Skip to main content
WherobotsDB provides various SQL APIs to work with vector and raster data. For vector data, it follows SQL/MM Part3 Spatial SQL Standard. WherobotsDB maintains support for the existing public APIs found in Apache Sedona. To make existing Sedona users feel comfortable, our documentation still uses the word Sedona in the context of WherobotsDB.

Create SedonaContext

To start using WherobotsDB, we need to launch a SedonaContext in Wherobots cloud:
  • Python
  • Scala
  • Java
from sedona.spark import *

config = SedonaContext.builder().getOrCreate()
sedona = SedonaContext.create(config)
Alternatively, expr and selectExpr can be used:
myDataFrame.withColumn("geometry", expr("ST_*")).selectExpr("ST_*")
myDataFrame.withColumn("raster", expr("RS_*")).selectExpr("RS_*")
Detailed Spatial SQL APIs for vector and raster can be found at Vector SQL APIs and Raster SQL APIs respectively.
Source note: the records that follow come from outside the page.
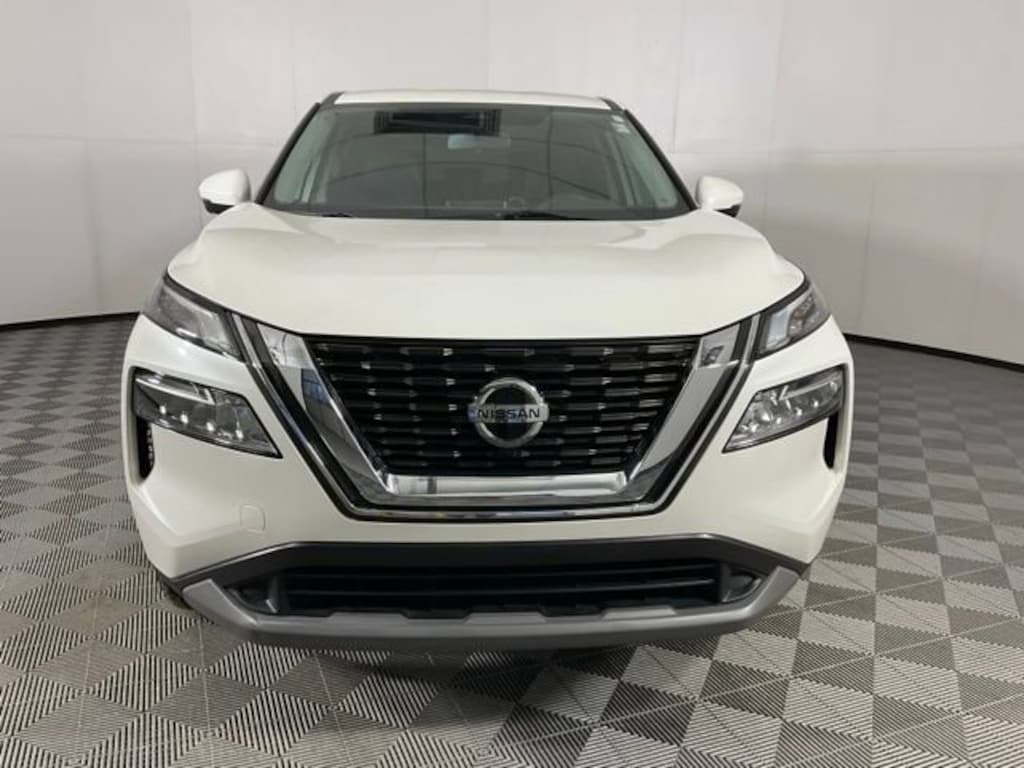 Used 2021 Nissan Rogue SV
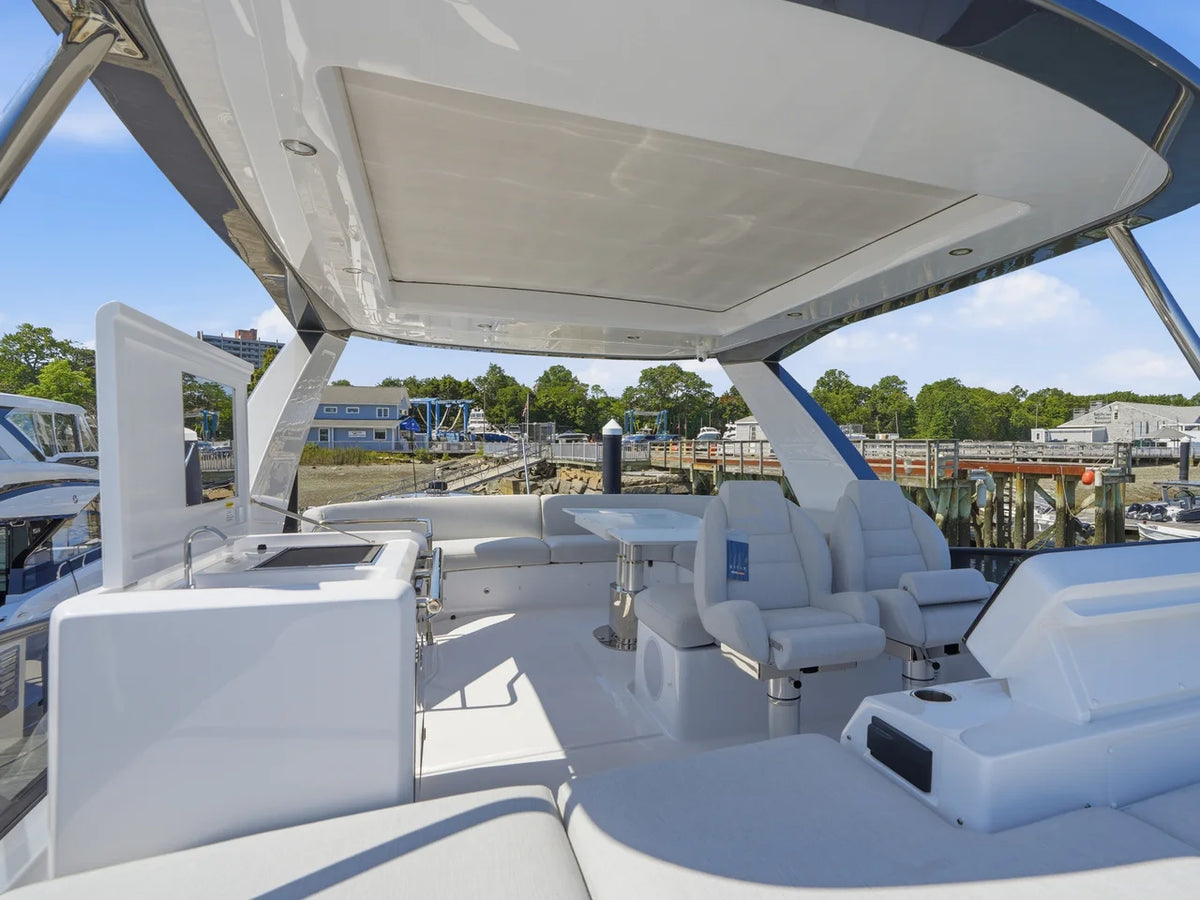 2027 Azimut Fly 53 53.0 feet, Westbrook, Connecticut #65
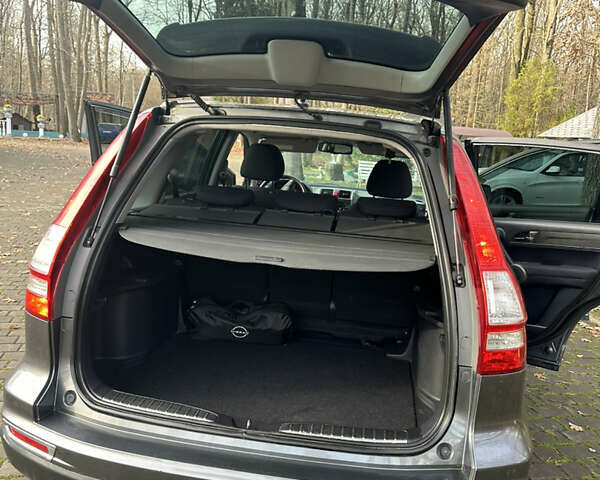 Сірий Хонда СРВ, об'ємом двигуна 2.2 л та пробігом 279 тис. км за 10999 $, фото 14 на Automoto.ua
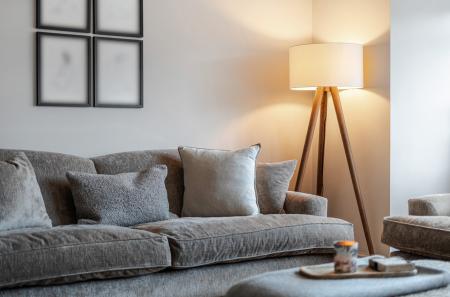 1401464-32-697208...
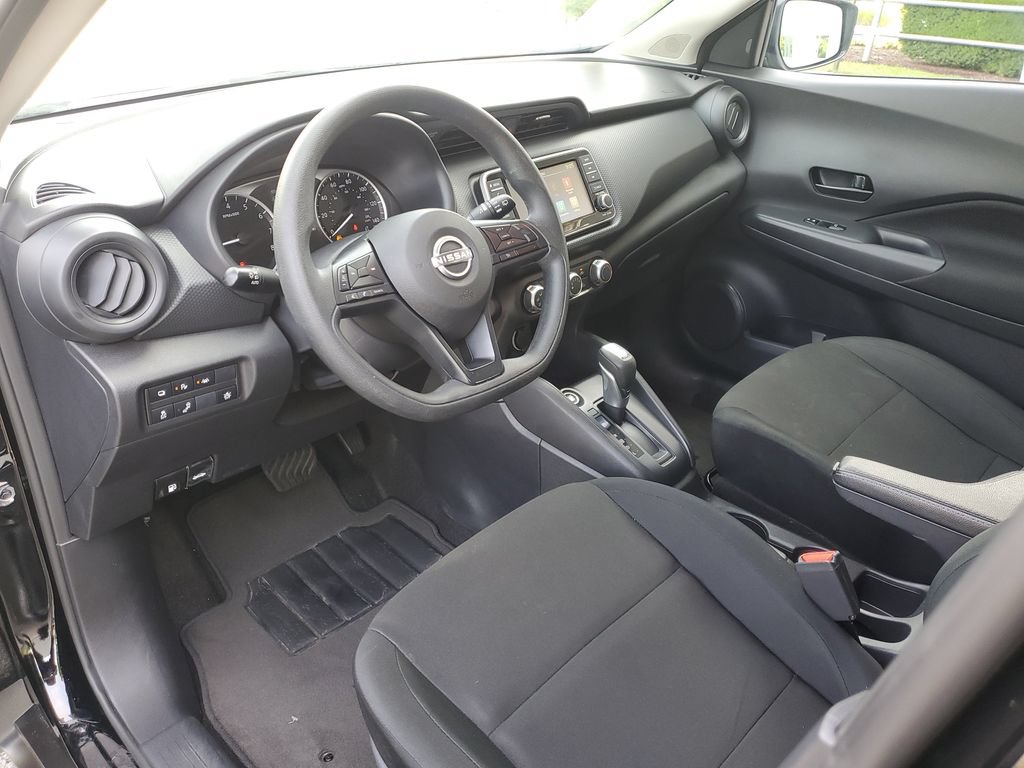 Certified 2025 Nissan Kicks Play S FWD image 21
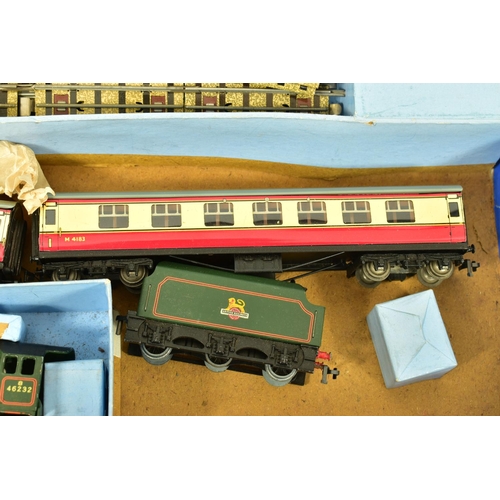 171 - TWO BOXED HORNBY DUBLO TRAIN SETS, 'Duchess of Montrose', No.EDP12, comprising Duchess class locomot... 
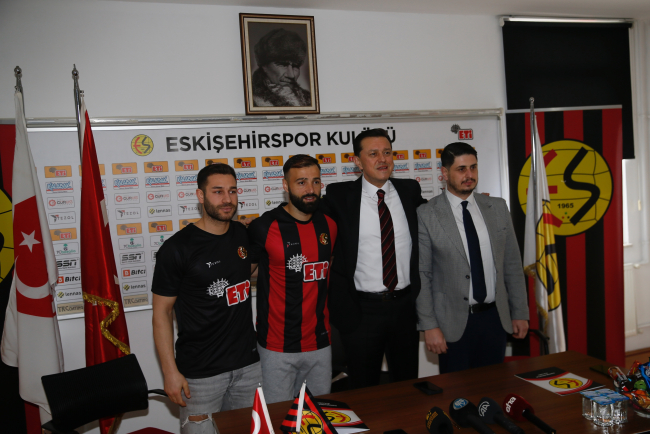 Eskişehirspor iki futbolcuyla sözleşme imzaladı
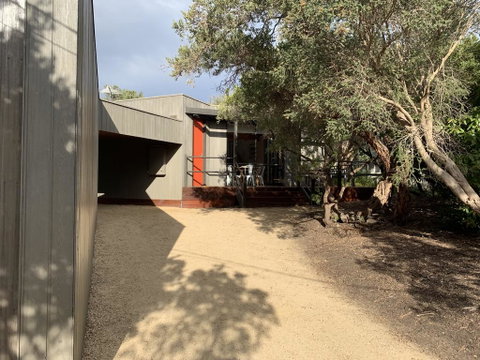 # Beaches Pacific - Accommodation Kalgoorlie 2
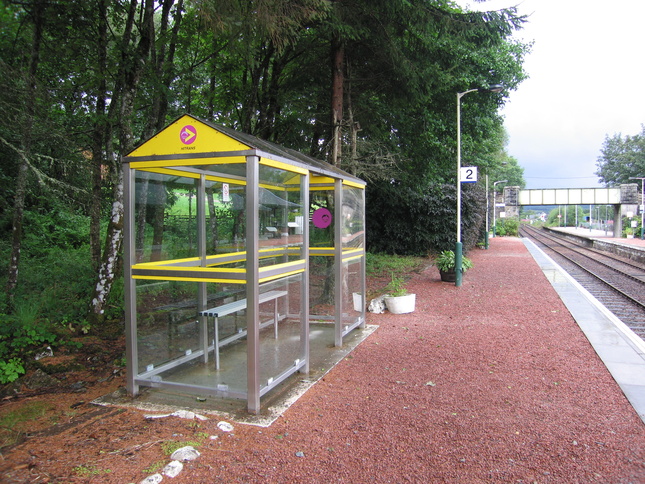 Spean Bridge platform 2 shelter
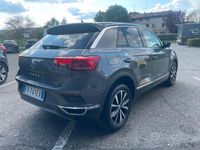 Usata VW T-Roc Style 116 CV (85 kW) 2019 Grigio SUV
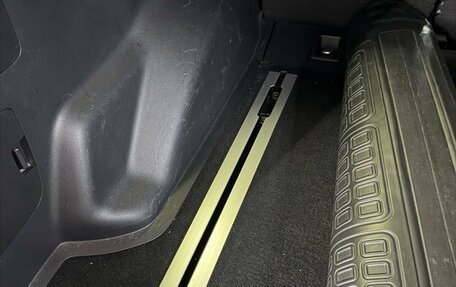 Toyota Land Cruiser Prado 150 рестайлинг 2, 2016 год, 3 690 000 рублей, 9 фотография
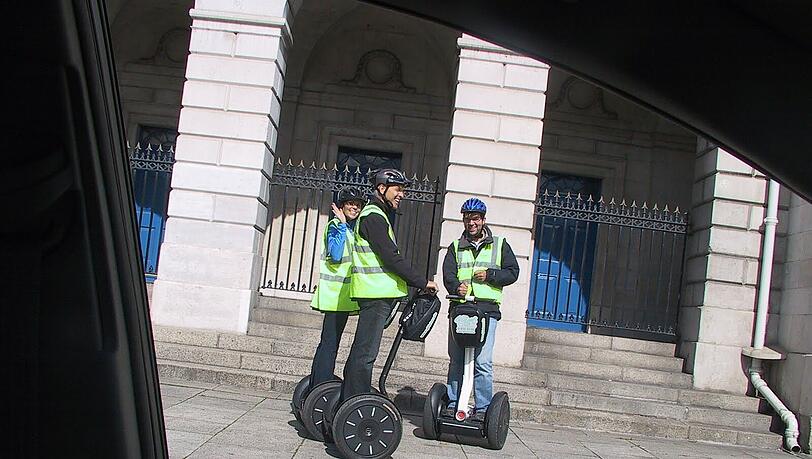 Die Segways sind auch in Irlands Metropole derzeit der letzte Schrei. Die Segways sind auch in Irlands Metropole derzeit der letzte Schrei.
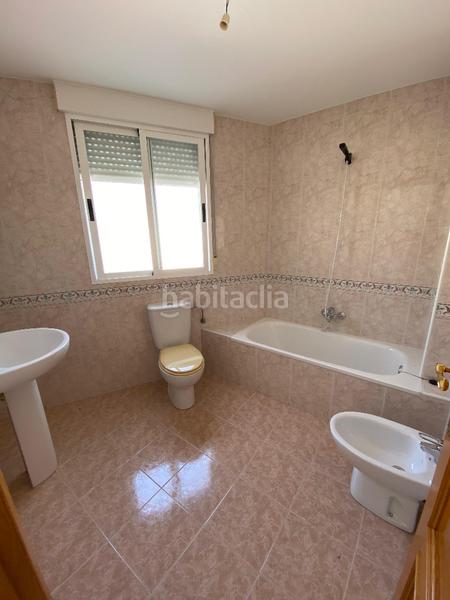 Foto 05a8f35c-c05c-4c44-bae7-d1145020b93a. Casa bifamiliare con parcheggio in Villafría - La Ventilla - Castañares Burgos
References of Havasu table format can be found at Havasu APIs

Quick start

After starting SedonaContext, users can start working with WherobotsDB on Wherobots cloud without any setup.

Create a WherobotsDB Havasu table

Wherobots cloud provides a set of default configurations for the users to store data under the S3 prefix allocated for the users. Simply use wherobots as the catalog name when creating a Havasu table.
  • Python
  • Scala
  • Java
sedona.sql("CREATE DATABASE IF NOT EXISTS org_catalog.test_db")
sedona.sql("""
CREATE TABLE IF NOT EXISTS org_catalog.test_db.taxi (
  pickup GEOMETRY,
  Trip_Pickup_DateTime STRING,
  Payment_Type STRING,
  Fare_Amt DECIMAL
) USING havasu.iceberg
""")

Read data from external storage

User can ingest and query data using WherobotsDB. For example, users can load an example CSV file:
  • Python
  • Scala
  • Java
taxidf = sedona.read.format('csv').option("header","true").option("delimiter", ",").load("s3://wherobots-examples/data/nyc-taxi-data.csv")
taxidf = taxidf.selectExpr('ST_Point(CAST(Start_Lon AS Decimal(24,20)), CAST(Start_Lat AS Decimal(24,20))) AS pickup', 'Trip_Pickup_DateTime', 'Payment_Type', 'CAST(Fare_Amt AS DECIMAL)')
taxidf = taxidf.filter(col("pickup").isNotNull())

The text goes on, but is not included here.